# Sytem I'm working on for F150 Lightning..



## OUTHOPU (Feb 24, 2006)

I've been helping a friend of mine out over the summer on his Lightning. 
System composed of...

Pioneer head unit
2 sets of 6.5 Polk components 
4 10" Polk subs 
Memphis 5 channel amp
1/0 wiring
2 Kinetik batteries
Custom fabbed door pods, battery trays, and amp rack.

The sub choices were limited due to budget and space. All factory power and grounds will be upgraded to 1/0 wire and a high ouput alternator is planned over the winter. All power and signal wires have been kept seperated. The cab floor, rear cab wall, and doors have been fully sound deadend. We are very close to finishing so heres some pics for now.

Sub enclosure. 3/4" mdf used with 3 internal braces. This built by my friend










Amp rack. Used 3/4x3/4x1/8" angle and some flatbar for mounting it to the back wall of the cab.


















Amp and box installed.


















Head unit and sub controller installed. This was not an easy fit lots of "trimming" was required. Looks almost factory now though.


















Doors lined and ready for panels. The system used requires a foam layer after the mat.

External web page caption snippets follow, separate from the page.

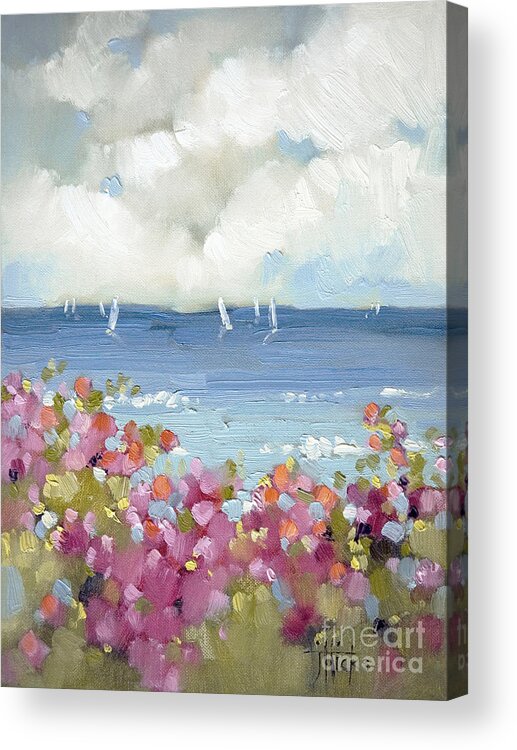 Nantucket Acrylic Print featuring the painting Nantucket Sea Roses by Joyce Hicks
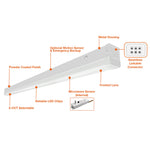 8FT Mini LED Strip Light, 12,000 Lumen Max, Wattage and CCT Selectable, 120-277V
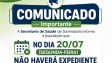 Secretaria de Saúde de Davinópolis comunica suspensão do expediente em 20/07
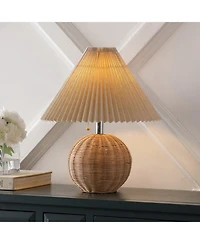 Jonathan Y Aksel 17.25" Coastal Scandinavian Resin/Iron Sphere Led Table Lamp with Pleated Shade and Pull Chain, Beige Wood Finish/White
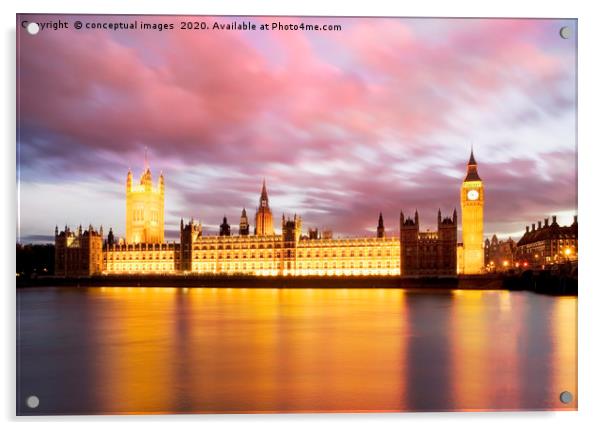 Big Ben and the Houses of Parliament  Acrylic by conceptual images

*This is where I really earned my keep. First set of door pods I've done. Learned alot on these.*I started by laying down a couple of layers of woven glass cloth for a base. Then layed flatbar with bolts welded on into the base. I just used a little bondo to hold the bars in place. These will be used to bolt the pod to the door. After that I masked off door for 2 part foam. Built a "frame" around the area to be foam filled.Once everything was ready I mixed the foam and poured it in. The next four pics were taken inside of 5 minutes. This stuff works fast.









60 seconds after mixing foam








2 mins.








5 mins.









After foam hardend I trimmed it with a saw blade then sanded it to roughly the shape needed with a cheese grater and 36 grit.

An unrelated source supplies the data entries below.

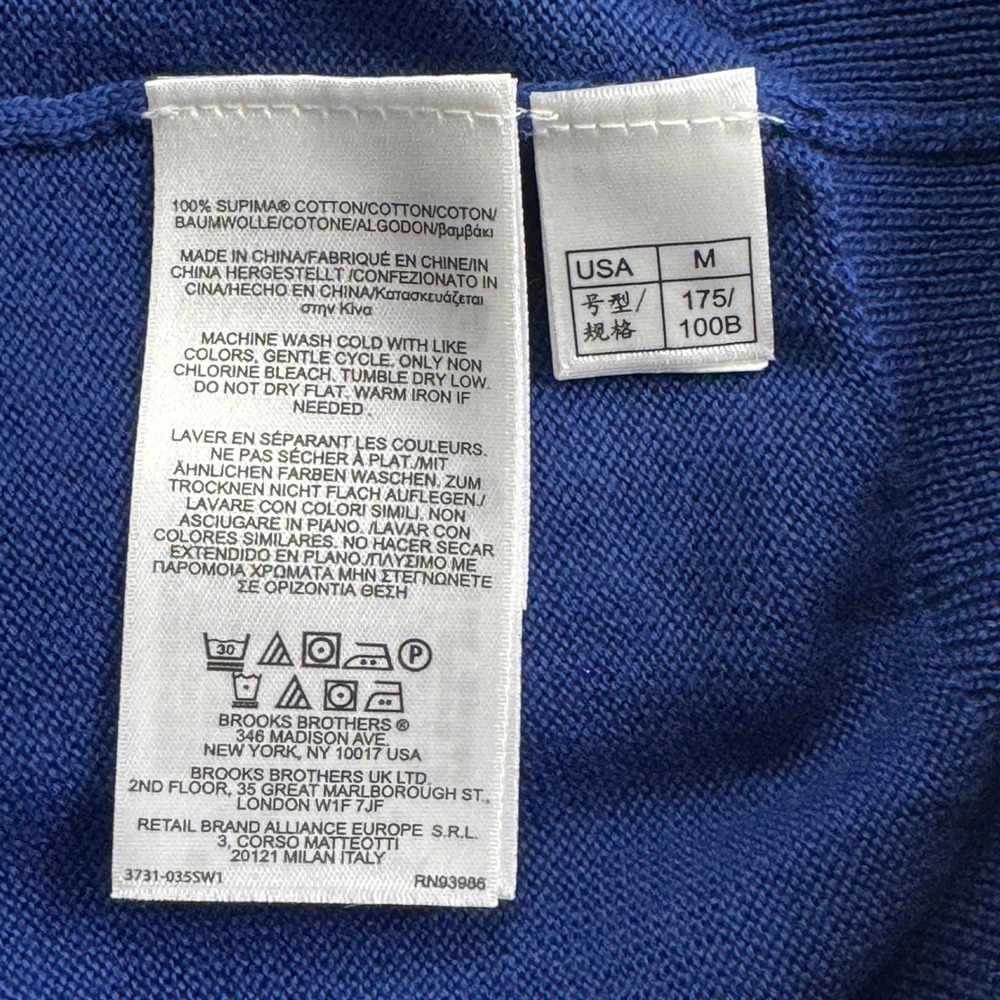 Brooks Brothers 346 Mens Blue Supima Cotton V-Neck Sweater Vest Medium NWT - Picture 5 of 16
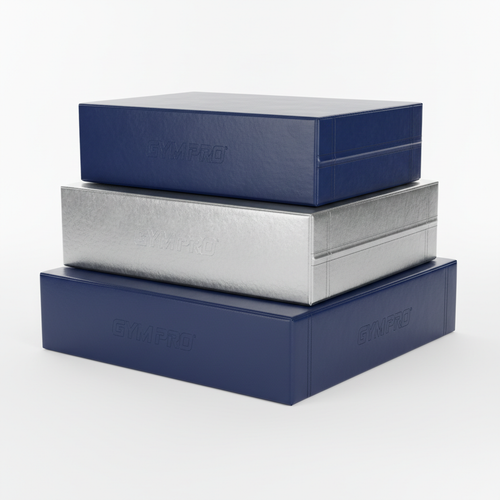 Three stacked gymnastics vaulting foam blocks in alternating navy and silver, studio lighting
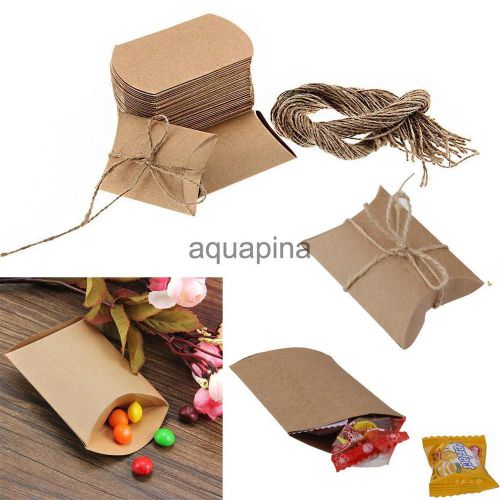 50pcs Kraft Paper Pillow Candy Boxes w/Linen Wedding Party Favour Gift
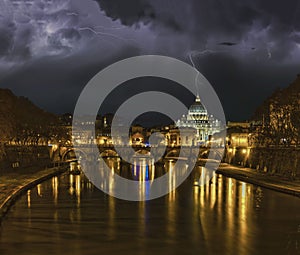 Lightning strikes the dome san pietro vatican rome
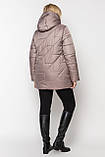 Жіноча зимова куртка Li-169 бежевого кольору в розмірах 48-62, фото 8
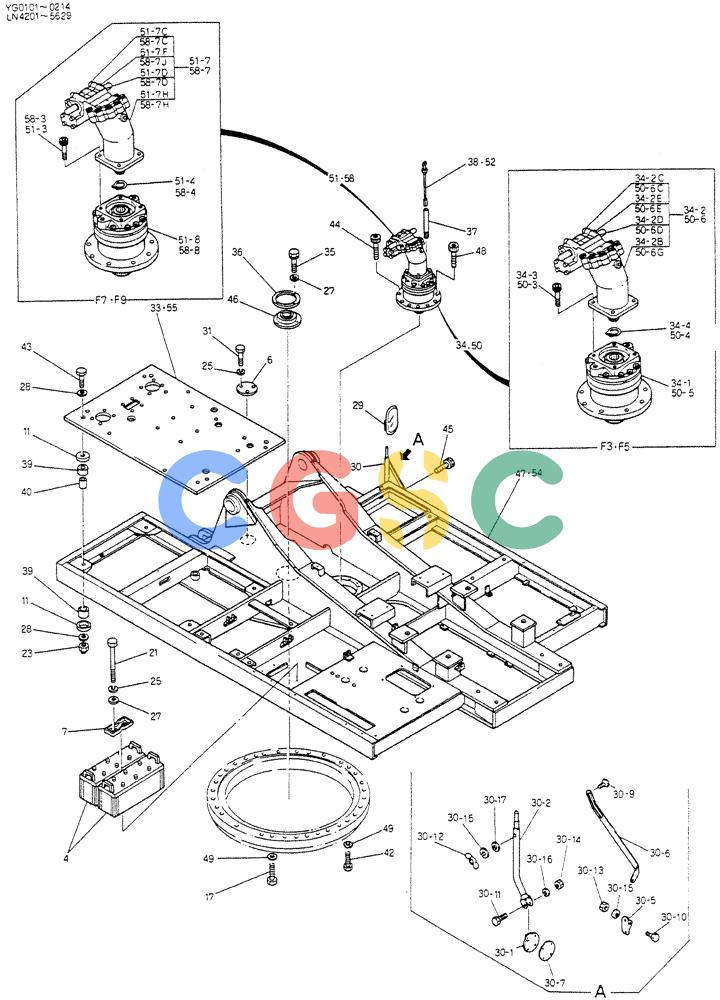 神钢零件查询(K907CLC) - EXCAVATOR BTW YG0101 - YG0500 (1/85-12/03) (01-003) - FRAME ASSY UPP (FOR SILENCE) Kobelco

Next I layed a layer of woven glass over the pod. Trimmed it to desired shape then test fit on vehicle.


----------



## OUTHOPU (Feb 24, 2006)

Once fitment was good I applied filler and finalized the shape, primed, sanded, primed again, then painted. We used a textured low gloss balck which turned out nice.

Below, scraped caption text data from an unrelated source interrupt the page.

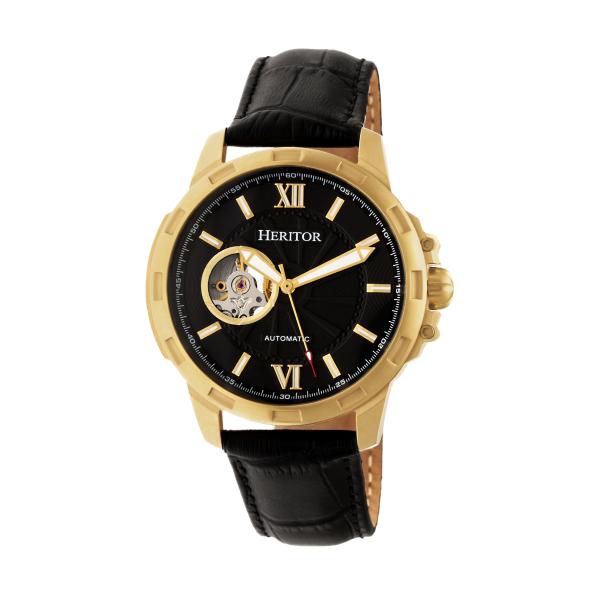 Heritor Automatic Bonavento Semi-Skeleton Leather-Band Watch - Gold/Black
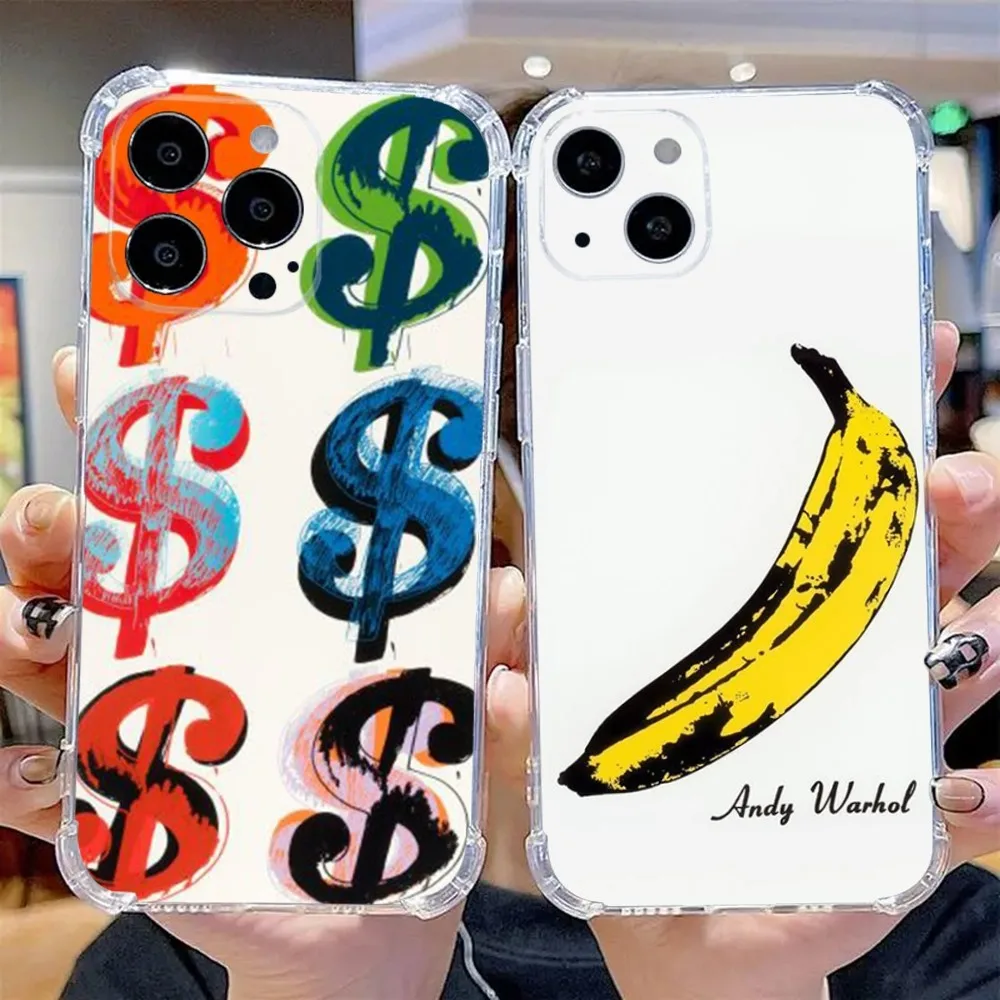 

Andy Warhol Art Phone Case For iPhone 15,14,13,12,11 Plus,Pro,Max,XR,XS,X,7,8 Plus,SE,Mini Transparent Silicone Soft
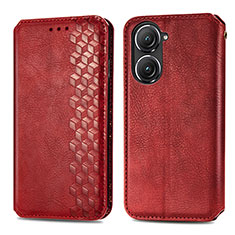 Handytasche Stand Schutzhülle Flip Leder Hülle S01D für Asus Zenfone 9 Rot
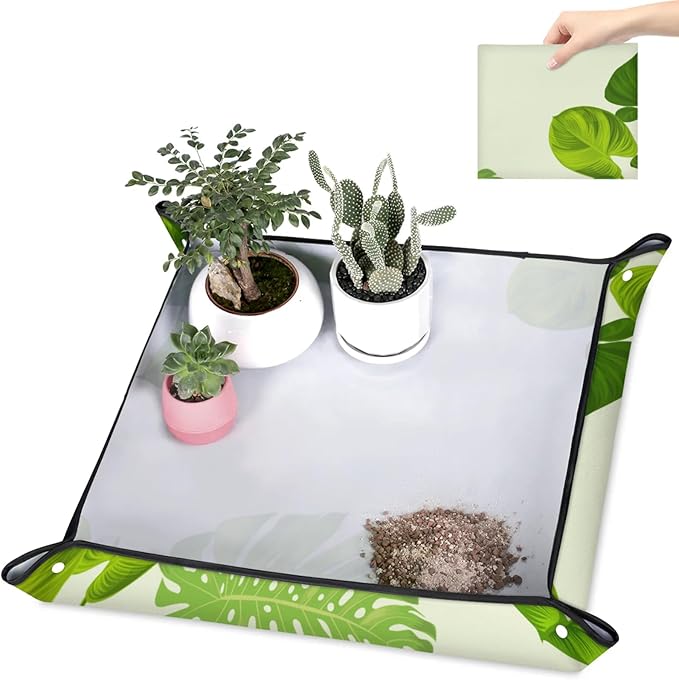 Palm Leaves Foldable Garden Hand Transplanting Succulent Tools,Waterproof Thickened Repotting Mat Plant Tag, Miniature Planting Indoor Fairy Care,Potting,Cactus,Houseplant Bonsai Tool Kit Gift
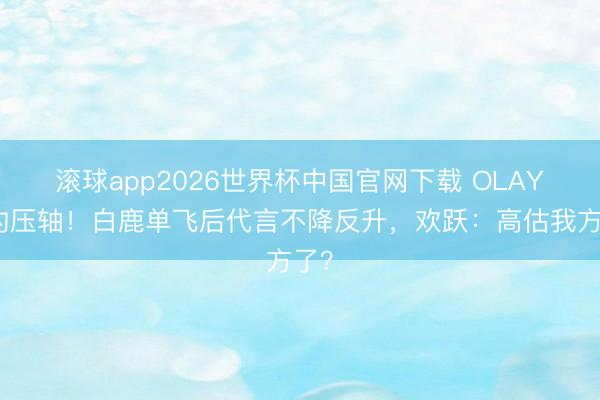 滚球app2026世界杯中国官网下载 OLAY续约压轴!白鹿单飞后代言不降反升,欢跃:高估我方了?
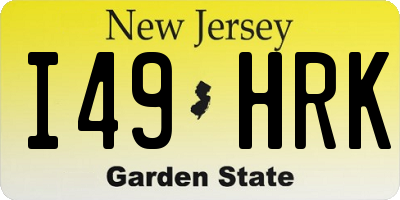 NJ license plate I49HRK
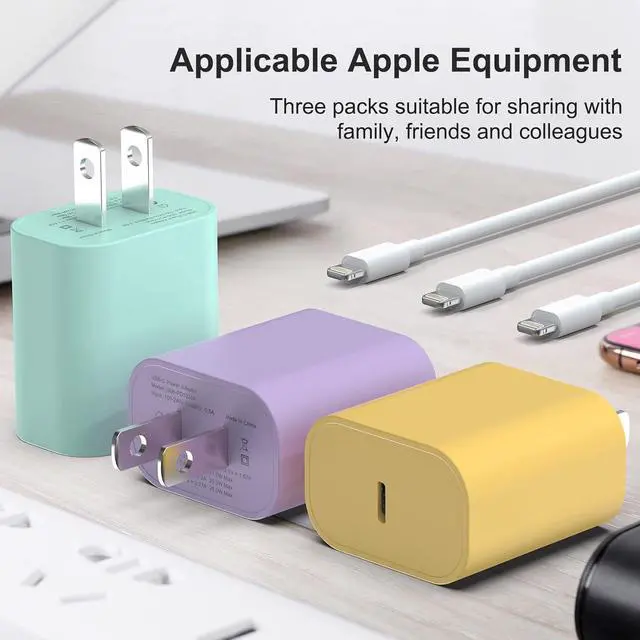 Alt view image 5 of 7 - 3 Pack USB C Charger 20W PD USB C Wall Fast Charger Adapter with 3 Pack [MFi Certified] 6FT Type C to Lightning Cable Compatible with iPhone 14 13 12 11 Pro Max XR XS X iPad(Yellow+Purple+Green)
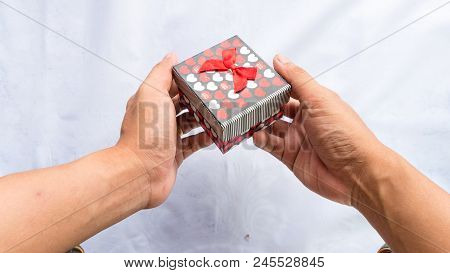 Gift Happy Box For Surprise On White Color Background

Bolted onto the door panels.


















Thats it for now. I'm working on the battery trays and it still need some more wiring. I'll post more as I make progress.

Enjoy. :thumbsup:


----------



## 63 Pimpala (Apr 16, 2005)

looks really good holmes


----------



## OUTHOPU (Feb 24, 2006)

Thanks. I'll be doing some more work on it this weekend. I should post some pics Sunday night.


----------



## OUTHOPU (Feb 24, 2006)

The components are installed now and I'm working on the battery box for under the bed.

doors

















Battery box.










Should be able to make some more progress next weekend.


----------



## nofearblackstar (May 5, 2009)

man those doors really look good


----------



## OUTHOPU (Feb 24, 2006)

Thanks. I tried to make them flow with the lines of the door panel and interior. They took a lot of hours but I feel they blend well for just being bolted on.


----------



## badcayne (Jun 7, 2007)

where do you get that foam?


----------



## OUTHOPU (Feb 24, 2006)

I bought it from a local fiberglass supply store. It's 2 part polyurethane foam. I't's pricey but works great. It's way better than Great Stuff, expands more in less time and cures solid all the way through since it's a chemical reaction. One door only required about 8 oz of part A and 8 oz part B. They sell it in quart sets or gallon sets. Just don't mix it until your ready to use it, it will start expanding in 30-60 seconds.


----------



## 79 cutty (Sep 27, 2005)

turned out nice


----------



## BIG DIRTY (Jan 31, 2002)

> _Originally posted by OUTHOPU_@Oct 4 2009, 07:37 PM~15266080
> *I bought it from a local fiberglass supply store. It's 2 part polyurethane foam. I't's pricey but works great. It's way better than Great Stuff, expands more in less time and cures solid all the way through since it's a chemical reaction. One door only required about 8 oz of part A and 8 oz part B. They sell it in quart sets or gallon sets. Just don't mix it until your ready to use it, it will start expanding in 30-60 seconds.
> *


YALL SHOULDA ROUNTERED THAT POD OUT FOR A CLEANER FLUSH LOOK.


----------



## My63impala (Feb 24, 2009)

very nice the box looks good and with the space available good choice to go with 4 8s rather then most who would go with 1 12 looks very clean keep us posted


----------



## OUTHOPU (Feb 24, 2006)

> _Originally posted by 79 cutty+Oct 5 2009, 08:45 AM~15270006-->
> 
> 
> 
> ...


They are actually 10". They still have the proper air space though. It's a very tight fit though.


----------



## BIG DIRTY (Jan 31, 2002)

> _Originally posted by OUTHOPU_@Oct 5 2009, 10:15 PM~15277506
> *Thanks
> Routered? I didn't want to make the edges any thinner because they would be fairly weak and didn't want to risk any damage to the corners. I tried talking him into blending them into the bottom of the door then getting the door covered in leather or something but this is what he wanted.
> They are actually 10". They still have the proper air space though. It's a very tight fit though.
> *


WOW YOU CORRECT A "N", I MEAN YOU GOT IT RIGHT, SPELLING COP


----------



## OUTHOPU (Feb 24, 2006)

I just wasn't sure if thats what you meant. I'm not a spelling freak.


----------



## DYABLITO (Oct 10, 2005)

Those door pods look badass.


----------



## OUTHOPU (Feb 24, 2006)

Thanks. This is the first set of doors I've done so, I'm happy they turned out as good as they did.


----------



## OUTHOPU (Feb 24, 2006)

Well I finaly finished this thing. Man I have to say I'm very impressed with the Memphis amp. Powers the system very nicely. Overall very pleased with all the gear. Here are some more pics of misc stuff I snapped pics of as we wired it up.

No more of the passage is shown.